• _THE PROBLEM_:
The entries that follow must be given again exactly, with no pictures kept.

• _EXERCISE DATA_:
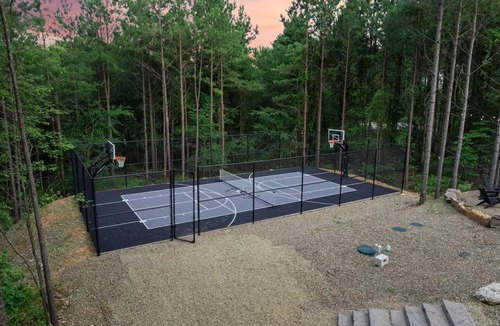 Hochatown Cabin | 7 Bedroom, Sleeps 23, Pickleball, Hot tub
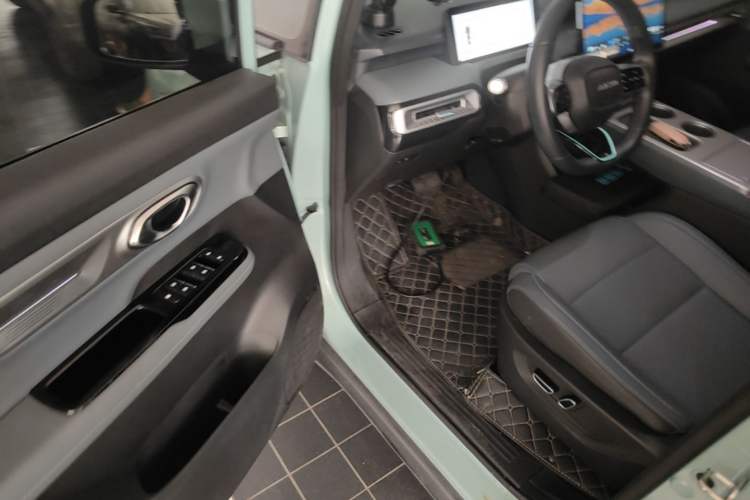 Used AION Y 2023 Plus 510 Smart Edition Driver Seat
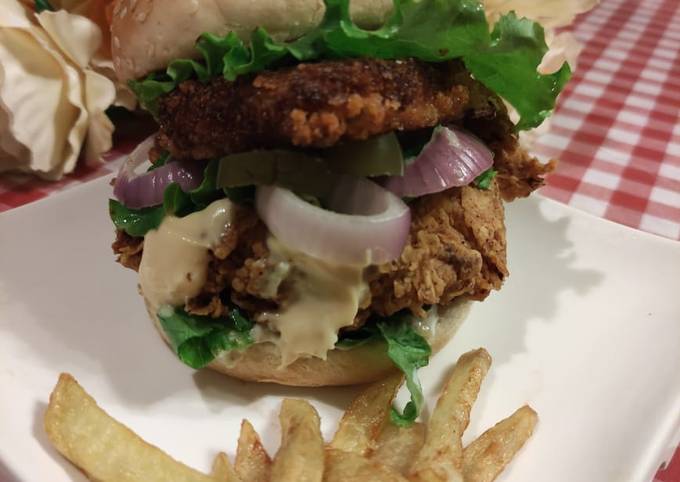 Easiest Way to Make Super Quick Homemade Crispy chicken burger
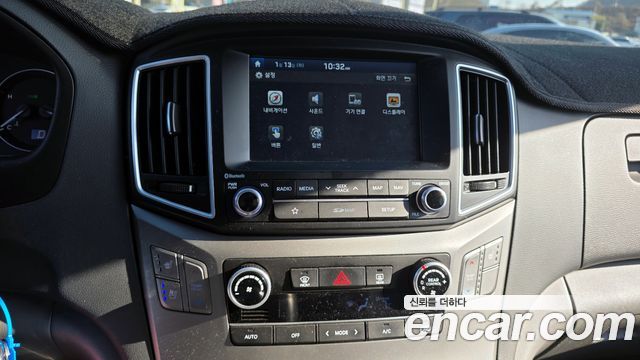 Hyundai Starex 2018 — photo 15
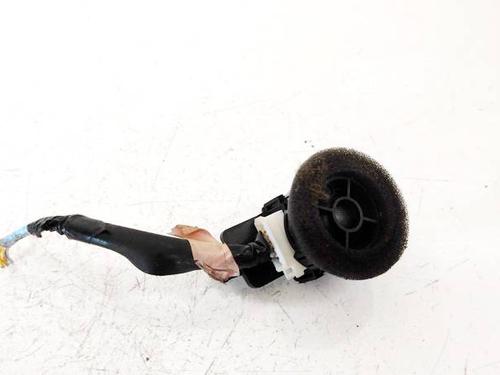 Used Speaker Speaker TOYOTA YARIS (_P9_) 1.4 D-4D (NLP90_, NLP90R) (90 hp) 32948839 32948839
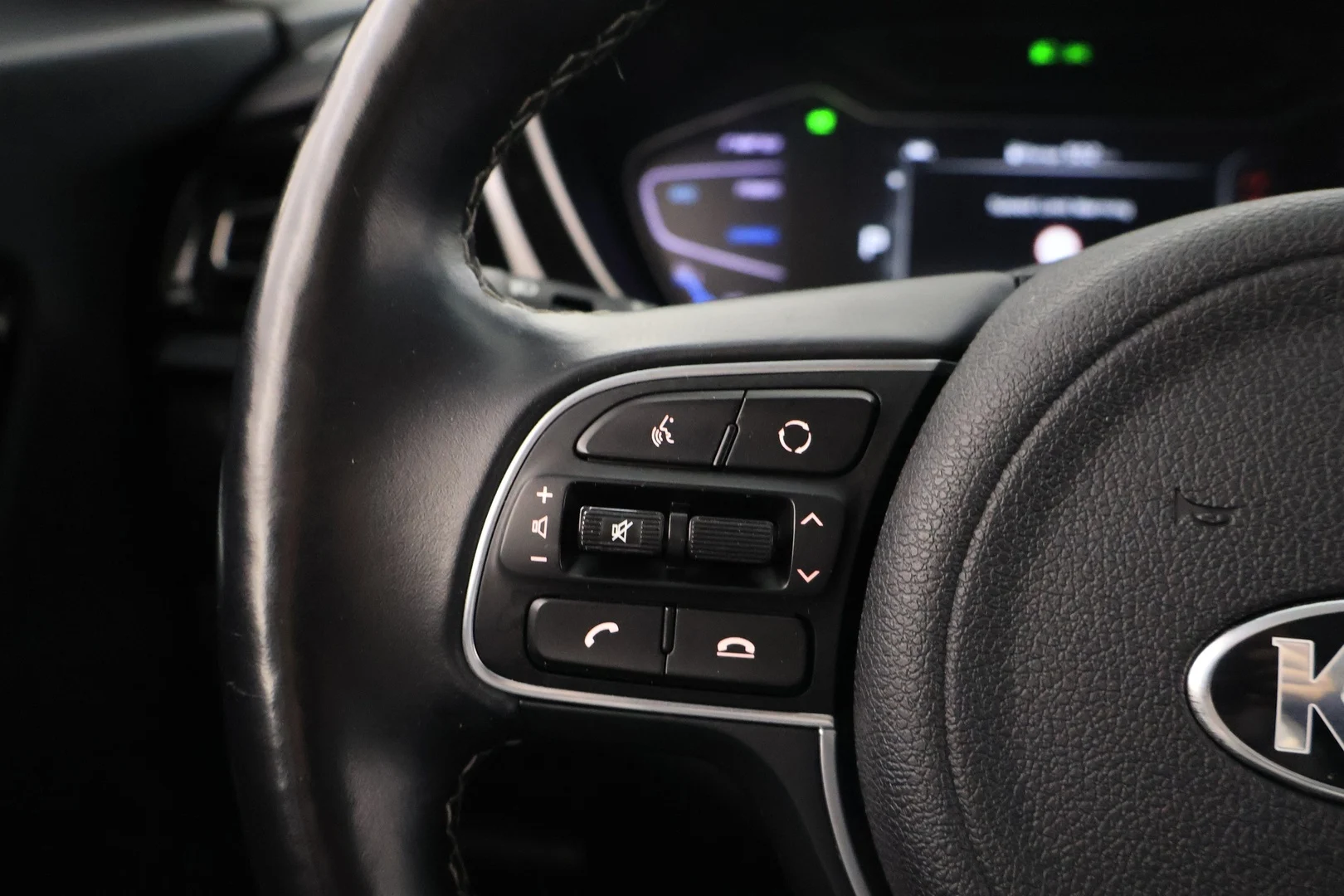Car Image - 47Zg2cKolFm4Zx2xq4Z9sD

• _ANSWER AREA_:
 Hochatown Cabin | 7 Bedroom, Sleeps 23, Pickleball, Hot tub
 Used AION Y 2023 Plus 510 Smart Edition Driver Seat
 Easiest Way to Make Super Quick Homemade Crispy chicken burger
 Hyundai Starex 2018 — photo 15
 Used Speaker Speaker TOYOTA YARIS (_P9_) 1.4 D-4D (NLP90_, NLP90R) (90 hp) 32948839 32948839
Car Image - 47Zg2cKolFm4Zx2xq4Z9sD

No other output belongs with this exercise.